WVFW-LD, virtual and VHF digital channel 8, is a low-powered Estrella TV owned-and-operated television station in Miami, Florida, United States. The station is owned by Estrella Media. It was the network's second affiliate in the market; Estrella TV previously affiliated in Miami with the second subchannel of Sunbeam Television's Fox affiliate, WSVN (channel 7) to provide full-market coverage to South Florida. WSVN-DT2 switched to Light TV on July 14, 2017, temporarily leaving Estrella without much Miami cable coverage. The station allows homes that have trouble receiving WGEN's VHF signal or only a UHF antenna to receive WGEN in some form.
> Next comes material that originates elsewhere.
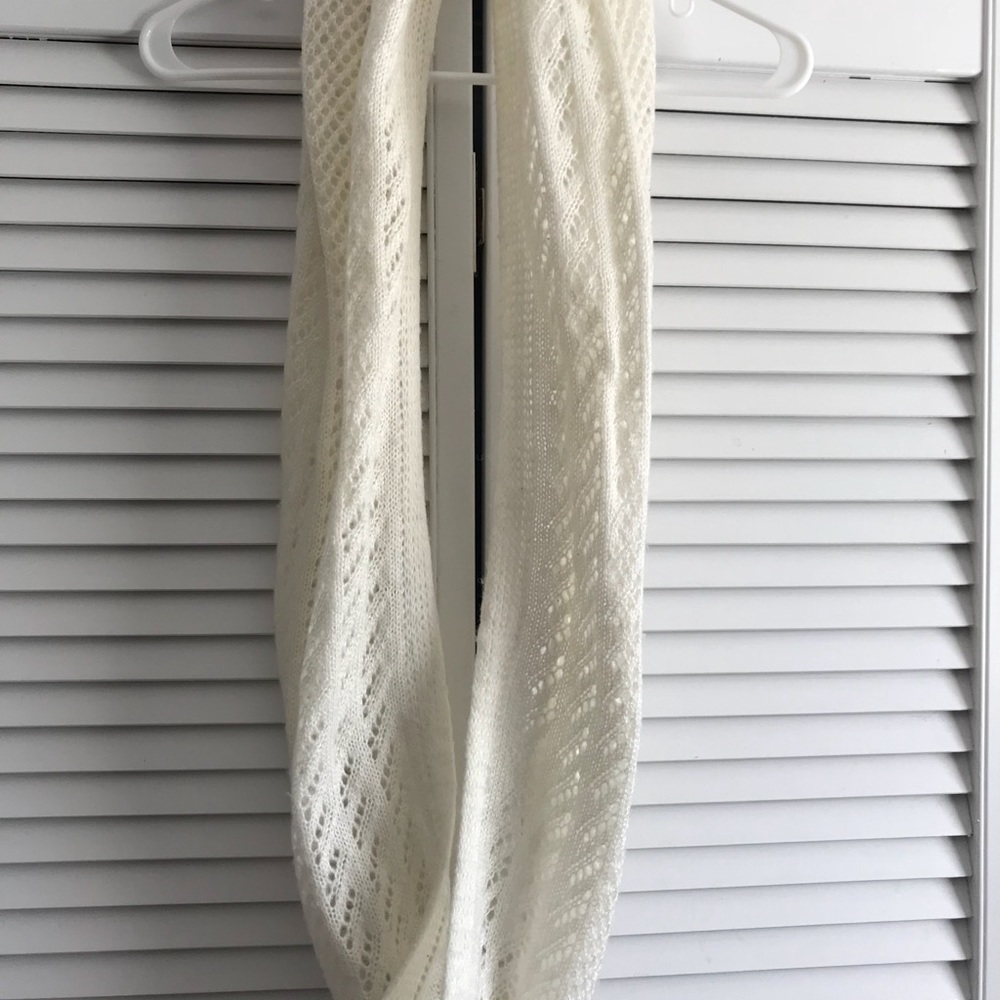 Off white crochet infinity scarf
WVFW-LD's signal also served a second purpose, as it provided the signal source for Estrella's national feed carried by pay television providers in markets without an Estrella TV affiliate on terrestrial TV. This was seen in the feed top-of-the-hour station identification sequence, which formerly identified WVFW-LD. Previously, the station was owned by and aired programming from Almavision, and its life dates back to 1983, when it was launched as a Monroe County-owned repeater station of PBS member station WPBT (channel 2) licensed to Marathon.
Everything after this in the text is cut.